Précisions de l'auteur

Le propre des réunions pour les élus qui y participent, c’est d’en repartir avec une vision de l’entreprise, des engagements de l’employeur, des garanties pour les salariés, des avancées sociales, des précisions quant à l’évolution de l’entreprise, etc. Le risque étant de ne pas obtenir grand-chose ou de perdre son temps. Aux élus d’être vigilants et proactifs lors des séances.

Il arrive parfois que le président du CE, chef d’entreprise de surcroît, fuit le débat insidieusement. Il oppose ainsi aux élus qui l’interrogent, des réponses toutes trouvées comme des : « je vous répondrai la prochaine fois ; il faut que je me renseigne plus avant ; je ne sais pas vous répondre immédiatement ; je dois encore vérifier ce point-là ; je n’ai pas à vous répondre, car c’est confidentiel ; je ne suis pas habilité à vous communiquer cette information, etc. ». Les élus ne souffrent pas des mêmes oppositions et restrictions selon que le président soit incarné par le « patron » ou par son « sbire ». Ce dernier souvent confus, semble-t-il, essuie les plâtres et se révèle que peu utile au débat.

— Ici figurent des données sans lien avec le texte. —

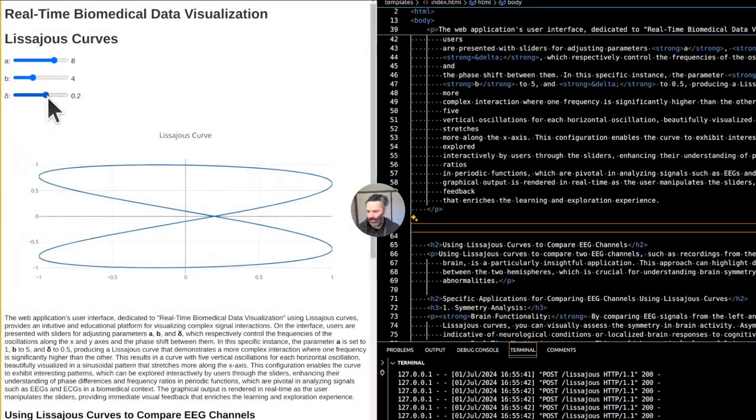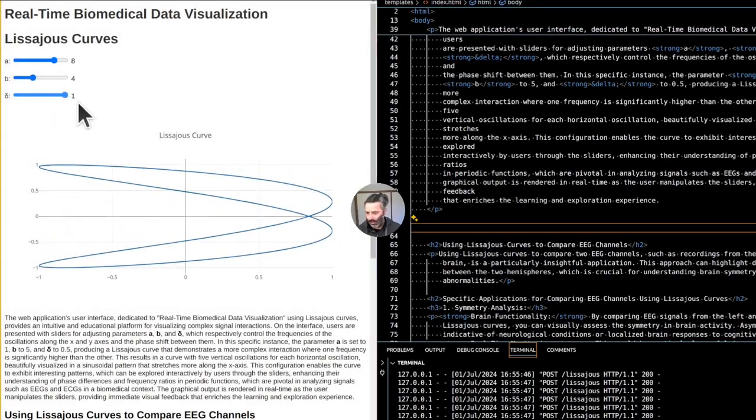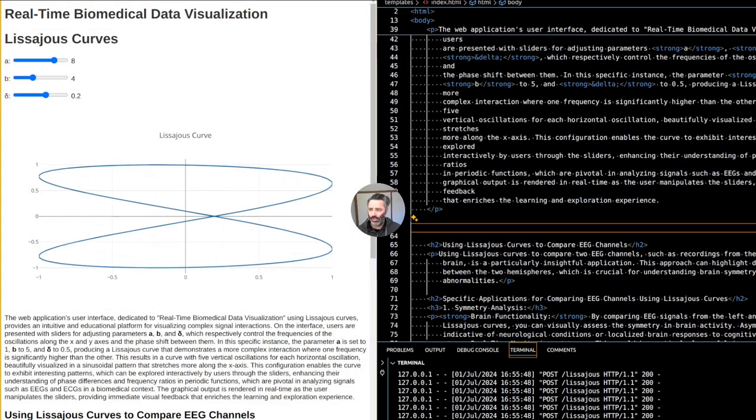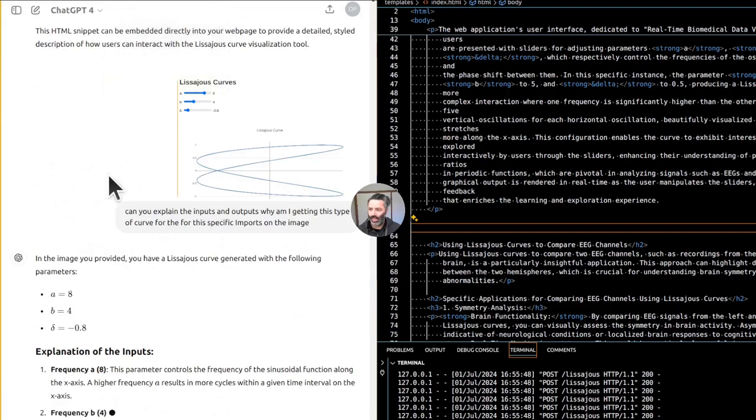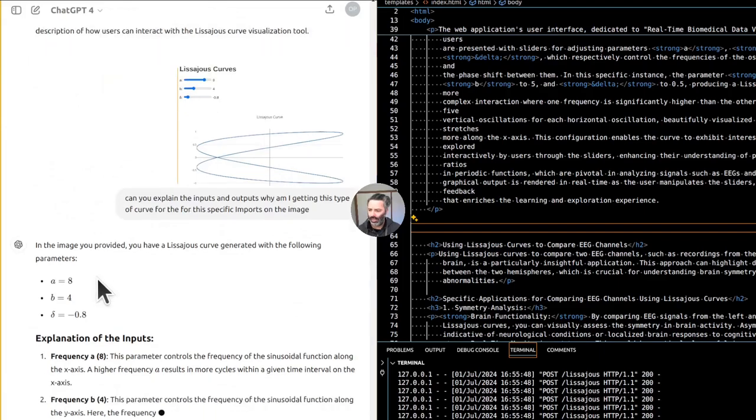Delta there should definitely be from minus 1 to 1, so you can change phase. That's the phase.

Il faut sévir vis-à-vis de l’autorité suprême de l’entreprise afin de ne pas être mis en difficulté à toutes vos réunions.

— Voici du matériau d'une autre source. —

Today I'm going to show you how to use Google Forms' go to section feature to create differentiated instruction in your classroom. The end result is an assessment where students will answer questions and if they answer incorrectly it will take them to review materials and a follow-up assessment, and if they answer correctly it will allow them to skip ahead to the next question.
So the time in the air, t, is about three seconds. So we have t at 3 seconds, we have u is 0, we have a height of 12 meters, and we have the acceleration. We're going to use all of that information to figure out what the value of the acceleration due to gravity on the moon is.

Les réunions ne peuvent pas être réduites à la lecture de l’ordre du jour et à des réponses creuses sans aucune profondeur.

Au-delà de nuire au débat, cela conduit à de vives tensions qu’il peut être difficile de contenir dans le temps.

Le président du comité d’entreprise dispose de pouvoirs limités

Il ne peut pas s’ingérer dans les affaires courantes du comité d’entreprise ; il ne dispose en somme d’aucun pouvoir de gestion au sein de l’instance. Par contre, il peut joindre sa voix pour différents actes comme la désignation des membres du bureau (secrétaire, trésorier), l’adoption des procès-verbaux ou du règlement intérieur. Il peut prendre part aux débats quant au choix des activités sociales.

Dans tous les cas, le président ne pouvant être « juge et partie », il ne pourra jamais voter tandis qu’il consulte les élus en qualité d’employeur, l’avis qui en sortirait (article L2325-18 du code du travail).